3D Robotics

Multiplex vs HobbyKing Shootout!

I'm always looking for cheaper Chinese alternatives to our standard aircraft platforms, which is why I'm a fan of the Hawk Sky (EasyStar clone) and Busy Bee (good aerial photography platform). Most of them come really ready to fly these days, with pre-installed brushless motors and ESCs, servos and sometimes even decent LiPo batteries and chargers. Since many of these aim to offer cheaper alternatives to the excellent but expensive Multiplex line that are a favorite for UAV makers, I thought I'd check out two HobbyKing clones of our tried and true Multiplex Easy Glider Pro and Funjet: the Easy Fly and the Sky Fun. They've now arrived and the jury is in: the SkyFun is great and the Easy Fly is crap.
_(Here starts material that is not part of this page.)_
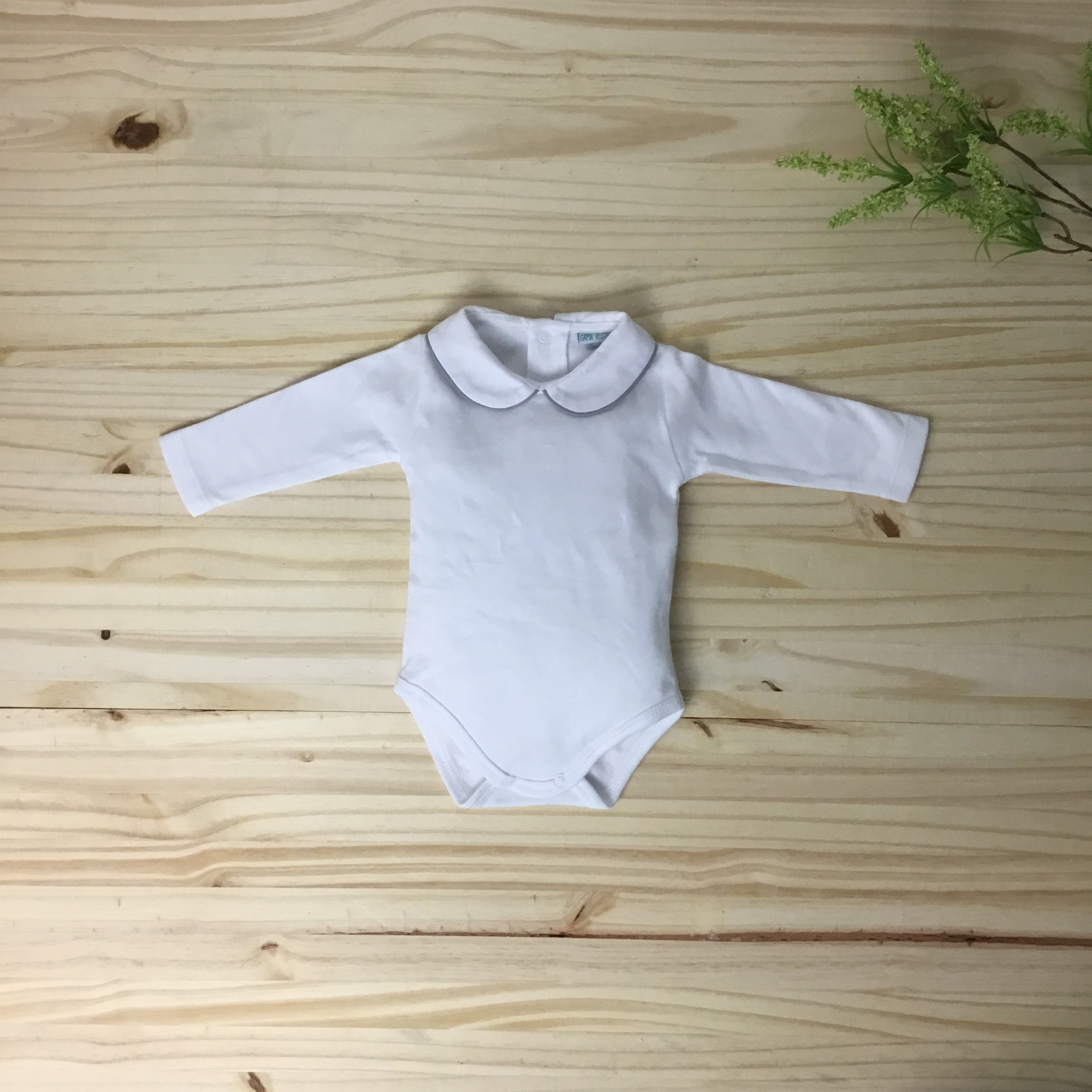 Body de bebé branco com mangas compridas e gola redonda sobre madeira clara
At first glance, they both look very attractive. The HobbyKing SkyFun, at $63 with servos and brushless motor included and installed, costs less than a third of what the Multiplex FunJet and power pack costs. And the HobbyKing Easy Fly, at $70 with installed brushless motor, folding prop and servos, likewise costs less than a third of the Multiplex EasyGlider Pro and power pack. But are they really such a good deal? The answer is that the HobbyKing foam RTF kit quality varies pretty widely. The right kit is as good or better than the name-brand equivalent. And the wrong kit is no bargain at any price. First the good news: the SkyFun is a terrific replacement for the FunJet. As you can see from the photo above (the SkyFun is on the right), it's a bit bigger than the Funjet, but otherwise very similar. It comes with a smaller motor, which the commentators on the product listing say leads to pretty tame stock performance, but it has a very wide flight envelope, from slow to very fast (with a bigger motor). Most importantly for UAV uses, it has a HUGE equipment area. As you can see in the picture below, it has more than twice as much interior room as the FunJet, and the FunJet is known for having a lot of interior room. You could put an autopilot, a camera, a range of sensors, and all sorts of wireless video gear in there and still have room for loads of foam padding and movement to get the Center of Gravity right.
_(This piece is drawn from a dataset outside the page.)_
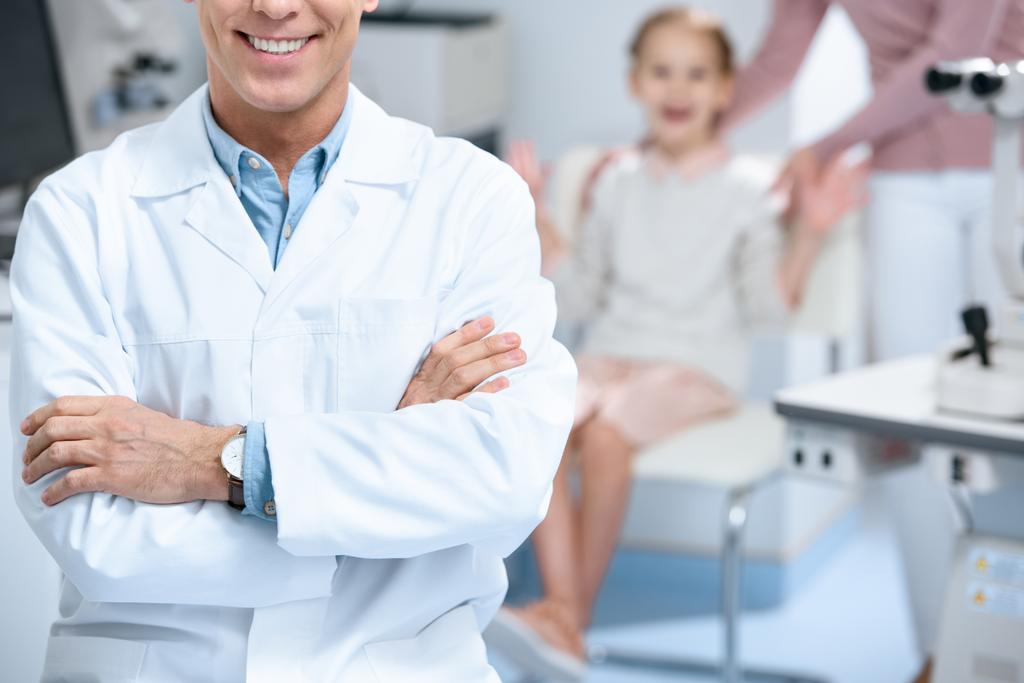 immagine ritagliata di oftalmologo sorridente in piedi con le braccia incrociate in sala di consultazione
 - Foto, immagini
I haven't flown the SkyFun yet, but I'm pretty sure that this one will get a lot of UAV use, and possibly a motor upgrade if I get very confident in its flight characteristics.

Now for the bad news: the EasyFly. It's a joke, at least for UAV use. The quality of the model is far below Multiplex standards, and the cockpit area is a mystifying failure of design. Although the EasyFly is bigger than the Multiplex Easy Glider Pro, it's got only half as much interior space, due to some poorly placed servos, way too much useless foam and a ridiculously thick and deep canopy. Just look at it, compared to the Easy Glider Pro (the EasyFly is on the left):

You can see even more clearly from this angle that the EasyFly doesn't even have enough room for a decent-sized battery, much less an autopilot and other electronics:

Then there is the quality of the model. The folding prop and spinner don't fit the body, so they look bad and the prop blades hit the side. The motor is tiny compared to the Easy Glider Pro (which is, to be fair, pretty overpowered). And rather than proper horns on the ailerons and rudder, the EasyFly has these ridiculous lever things (I imagine that they're designed to lower air resistance, but they just have the effect of less solid control):

The comments suggest other problems, such as an unreliable wing mounting, but I think the cramped cockpit is simply disqualifying. I may end up using it to learn slope soaring (if I crash/lose it I won't be too sorry) but I can't see ever turning it into a UAV. Where would I put the gear?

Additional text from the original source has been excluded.